__Assigned task__.
Repeat, word for word, all the data that follows, and exclude the pictures.

__Data section__.
********

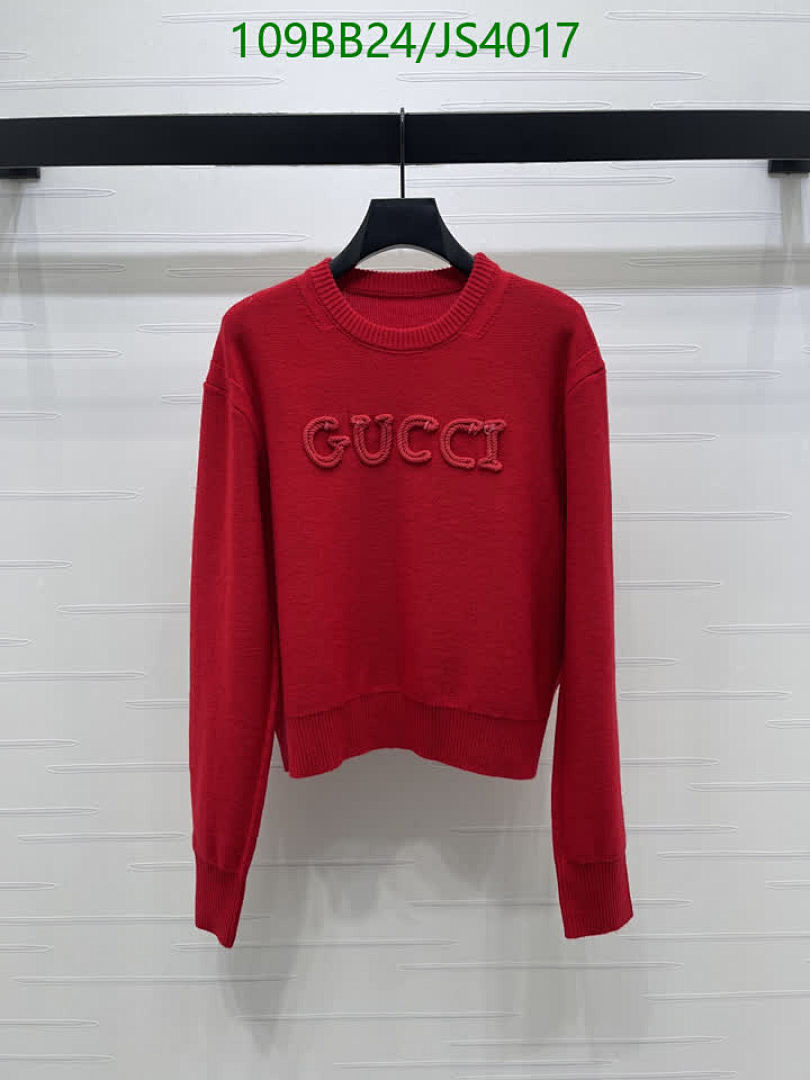 Gucci-Clothing Code: JS4017 $: 109USD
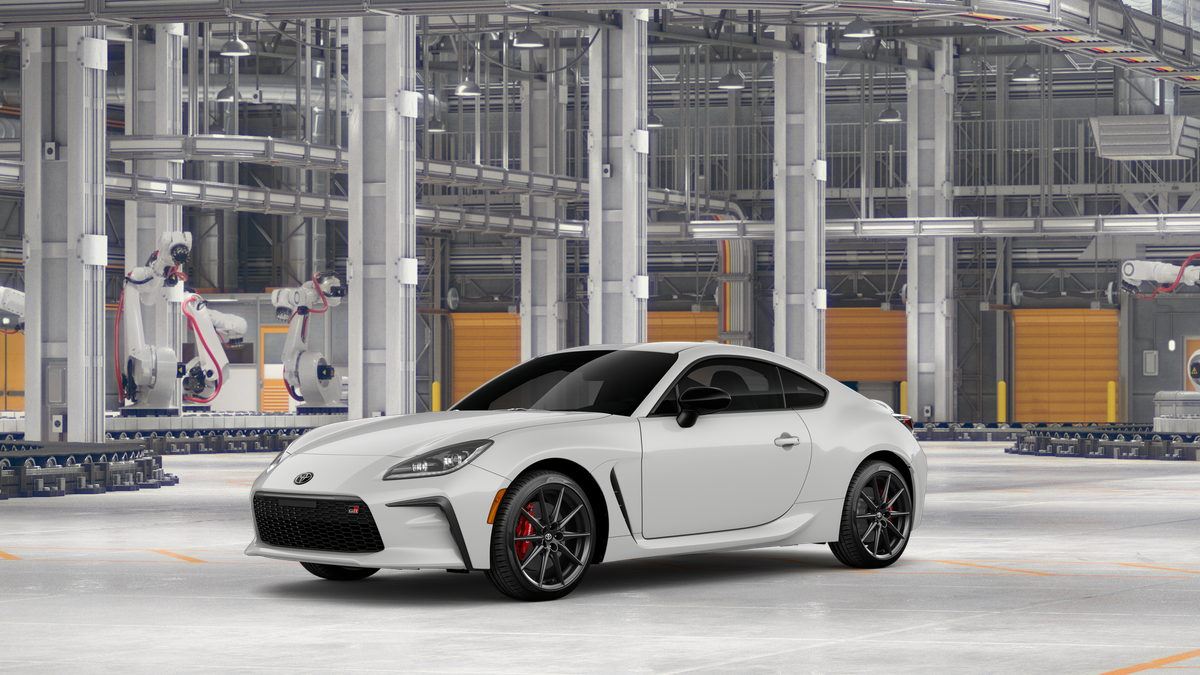 New 2027 Toyota GR86 MT 2+2 COUPE 6 SPD M/T
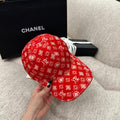 Louis Vuitton Monogram All-Over Print Baseball Cap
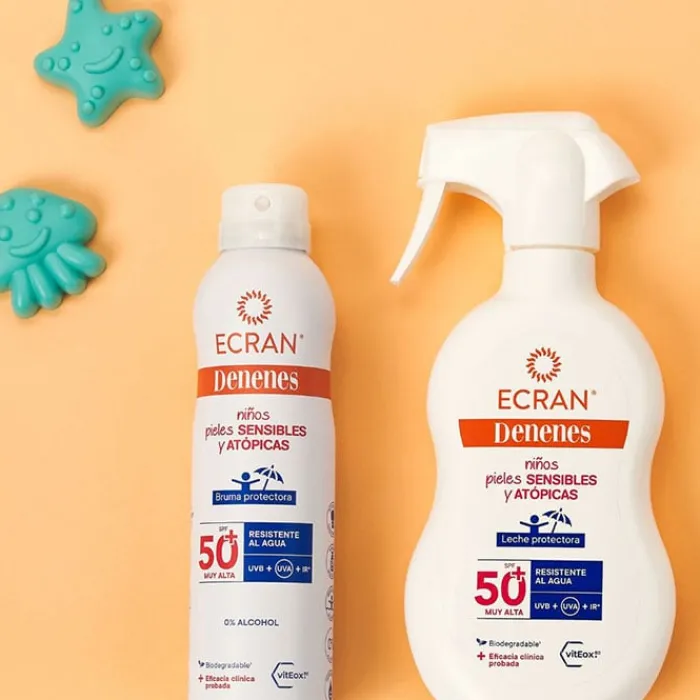 Niños Denenes Leche Protectora SPF50+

********

__Task result__.
 Gucci-Clothing Code: JS4017 $: 109USD
 New 2027 Toyota GR86 MT 2+2 COUPE 6 SPD M/T
 Louis Vuitton Monogram All-Over Print Baseball Cap
 Niños Denenes Leche Protectora SPF50+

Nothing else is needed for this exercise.